What is the solubility (in g/L) of PbCl2 at 25 degree celsius? The solubility product of PbCl2 at 25 degrees celcius is 1.6x10-5.
I figured out the answer. Thanks.
To determine the solubility of PbCl2 at 25 degrees Celsius, we need to use the solubility product constant (Ksp) and the given solubility product value.
The solubility product constant (Ksp) is a measure of the maximum amount of a compound that can dissolve in a solution at a given temperature. It is the product of the molar concentrations of the dissolved ions, each raised to the power of their stoichiometric coefficients, as written in the balanced equation for the dissolution reaction.
For the dissolution of PbCl2, the balanced equation is:
PbCl2(s) ⇌ Pb2+(aq) + 2Cl-(aq)
According to the given information, the solubility product (Ksp) of PbCl2 at 25 degrees Celsius is 1.6x10^-5.
To find the solubility (in g/L), we need to consider the molar concentration of the dissolved ions. Since the stoichiometric coefficients in the balanced equation are 1:2 for Pb2+ and Cl-, respectively, the molar concentration of Pb2+ is equal to the solubility, and the molar concentration of Cl- is twice the solubility.
Let's assume the solubility of PbCl2 is "x" g/L.
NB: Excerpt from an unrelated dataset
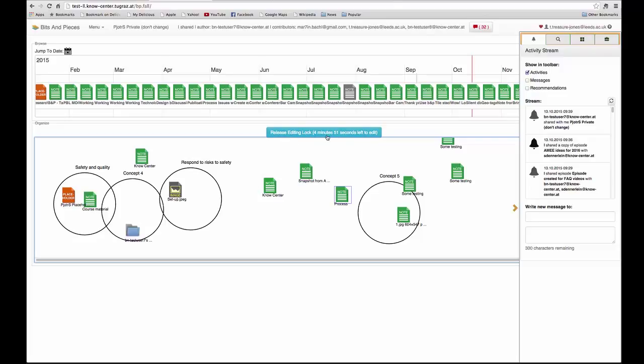The editing lock gives me five minutes in which I can edit it, after which I would have to press the editing lock again.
Since we have 1 Pb2+ ion for each PbCl2 molecule, the molar concentration of Pb2+ will also be "x" M. And since we have 2 Cl- ions for each PbCl2 molecule, the molar concentration of Cl- will be "2x" M.
Now, using the balanced equation and the expression for Ksp, we can write an expression for Ksp in terms of solubility:
Ksp = [Pb2+][Cl-]^2
1.6x10^-5 = x * (2x)^2
1.6x10^-5 = 4x^3
Solving this equation will give us the value of "x," which represents the solubility of PbCl2 in g/L at 25 degrees Celsius.